I am using regression with planned contrasts and would like to test statistical assumptions. Assumptions are normally tested on the residuals of the regression model, but in this case, I don't know if it makes sense because the predictor variable is categorical (i.e., group) and contrasts are only tested later (one contrast at a time, meaning two groups at a time).
For example, using the amazing
performance package (which needs package
see for the plot), we can see for the normality, homoscedasticity and homogeneity of variance plots, the observations cluster in three points only:
library(performance) library(see) mod <- lm(mpg ~ factor(cyl), data=mtcars) check_model(mod)
While normally the observations would be distributed more equally like this:
mod2 <- lm(mpg ~ disp, data=mtcars) check_model(mod2)
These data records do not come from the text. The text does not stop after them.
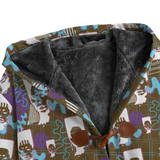 Hitop Squiggle Girl Long Tog Coat (Shadow)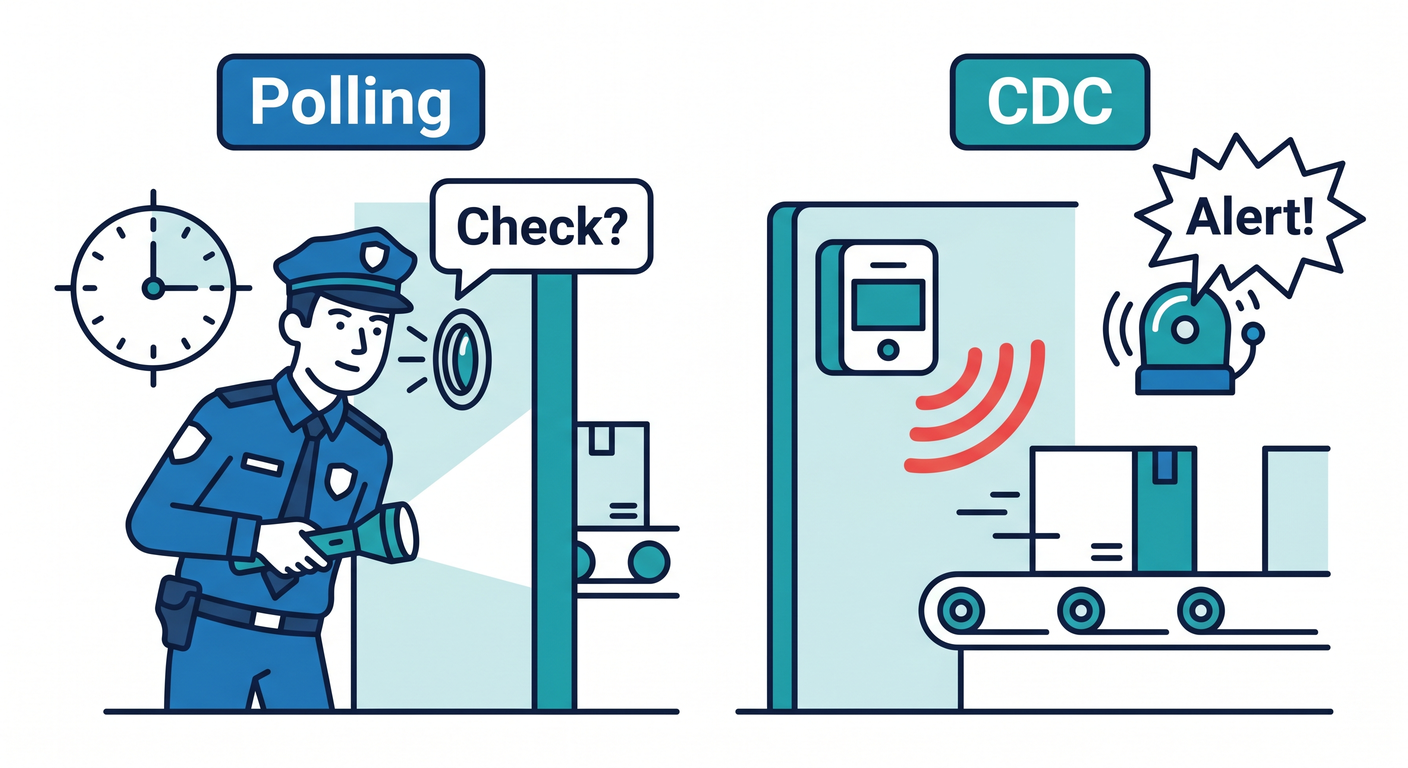 Polling vs CDC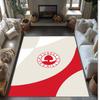 Tappeto in Velluto di Cristallo con Stampa Calcio Nottingham Forest, Comodo Assorbente d'Acqua Antiscivolo Tappeto per Pavimenti Interni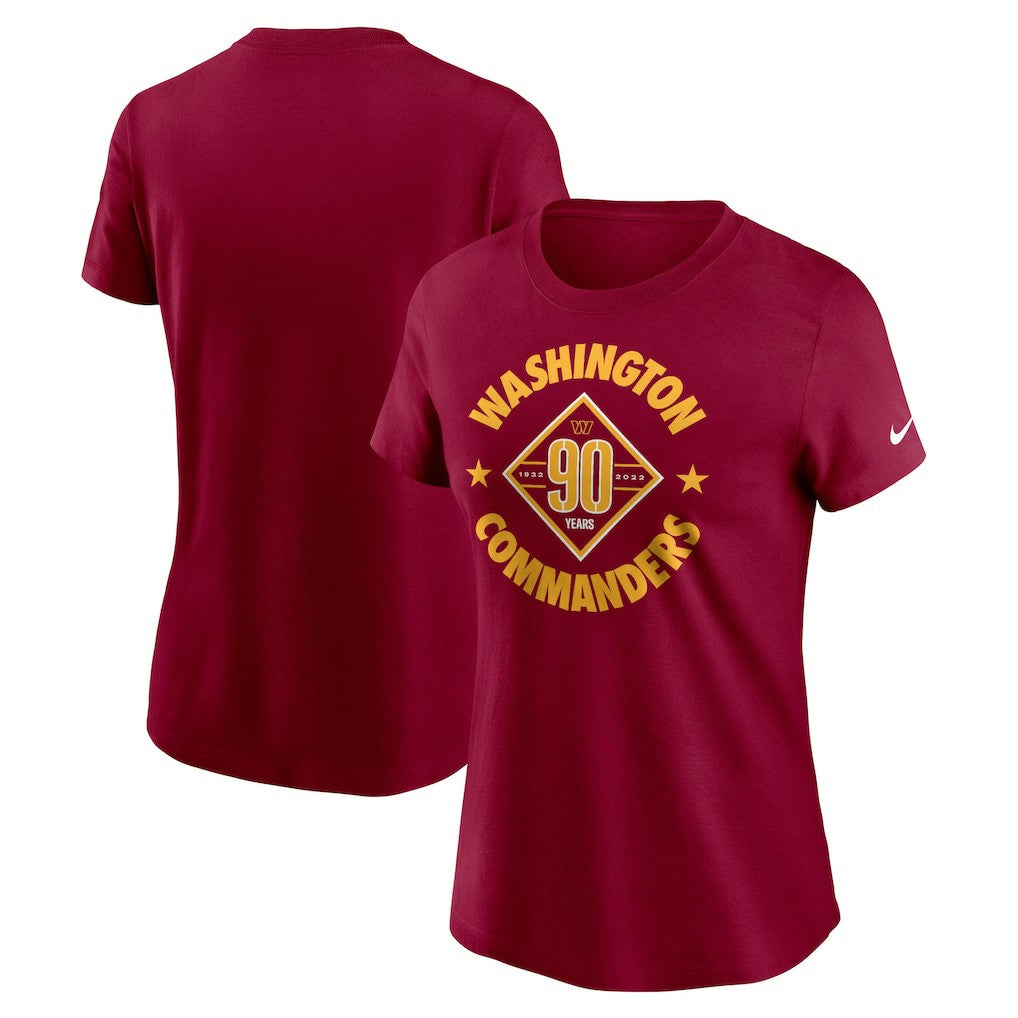 Washington Commanders Women's 90th Anniversary T-Shirt | NFL New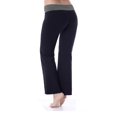 thumbnail image 4 of Bootcut Yoga Pants Cotton with Contrast Waistband, 4 of 9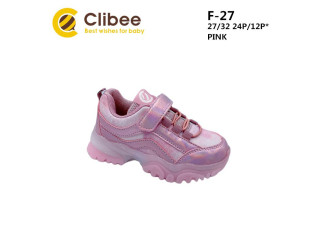 Кросівки дитячі Clibee F-27 pink 27-32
Which option below is the correct/best one, given the situation? (Feel free to suggest another one) (Edit: Also note that I am using the assumption of normality for the sake of simplicity and conciseness but I am interested in all assumptions for this situation)
(a) Assess normality of the dependent variable
shapiro.test(mtcars$mpg) Shapiro-Wilk normality test data: mtcars$mpg W = 0.94756, p-value = 0.1229
(b) Assess normality of the residuals of the whole model
shapiro.test(mod$residuals) Shapiro-Wilk normality test data: mod$residuals W = 0.97065, p-value = 0.5177
(c) Assess normality of model residuals for each group contrast (combination of two groups) by excluding the third group manually before respecifying the regression
mod1 <- lm(mpg ~ factor(cyl), data=mtcars[which(mtcars$cyl!=4),]) mod2 <- lm(mpg ~ factor(cyl), data=mtcars[which(mtcars$cyl!=6),]) mod3 <- lm(mpg ~ factor(cyl), data=mtcars[which(mtcars$cyl!=8),]) shapiro.test(mod1$residuals) Shapiro-Wilk normality test data: mod1$residuals W = 0.9515, p-value = 0.3636 shapiro.test(mod2$residuals) Shapiro-Wilk normality test data: mod2$residuals W = 0.95956, p-value = 0.4058 shapiro.test(mod3$residuals) Shapiro-Wilk normality test data: mod3$residuals W = 0.96698, p-value = 0.7393
Note: With option (c), I believe the assumptions would not apply to the model as a whole, but to each comparison test separately. So say you have 2 models with 3 contrasts each, instead of having assumption checks for the two models, you would have assumptions checks for the 6 contrasts.